In a production environment time is of the essence. For every day that information is missing a project delivery date is pushed out roughly 1.5 days.

  • No Production Schedule

Documented schedules are important as they provide team guidance and establish a standard to be followed. (The other part are schedules that are nice but not followed or used or even worse not  practiced often enough as planning is done on the fly has become an acceptable practice). The cost of this practice can be very costly for both quality and costs.

  • Poor Planning and Execution

If we fail to plan, execution is impossible. Often what happens is a job comes in and it is sent to the floor half completed (dimensional, location, delivery, etc. detail is missing). The result of poor planning can be very costly, as now the people that are responsible for making the product, or delivering the service, do all the planning.

Taking the time required at the beginning to plan out the entire project (consistent process) results in a product or service flowing through any given operation, as the majority of potential issues were resolved at the beginning of the planning stage.

  • Accepts Poor Quality Product

Quality, quality, quality. If it is not right it is wrong and needs to be fixed.

Self-justification and excuses only add to a problem and will frustrate team members.

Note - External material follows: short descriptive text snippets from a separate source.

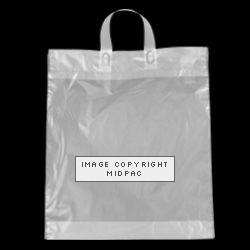 Frosted Loop Handle Carrier Bags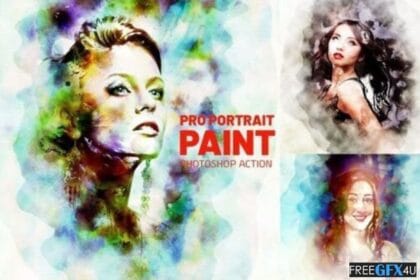 PRO Portrait Paint Effect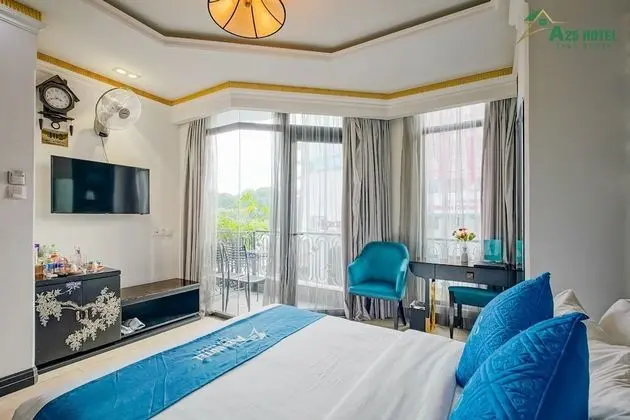 Deluxe Tek Büyük veya İki Ayrı Yataklı Oda, Şehir Manzaralı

  • Limited Understanding on What Core Products and Services Create the Numbers

Spending the time educating and providing facility, progress reports and project information on a daily or weekly bases are essential to keeping your team engaged and costs in control.

  • Essential Reports Beneficial to Departments not Provided

Do you create graphs and tables and post them on a monthly bases?

Some reasons this does not happen may be due to not enough time in the day, or that [people should not see this information they might share it with others.]

Statistics that are not being reported or understood compound on costs.

  • Cost Accounting Mistakes

Financials are important and most importantly time, labor & material need to be tracked on a daily bases by the person who schedules and/or organizes production or a service. If defined project costs are not being tracked and summarized, questions need to be asked.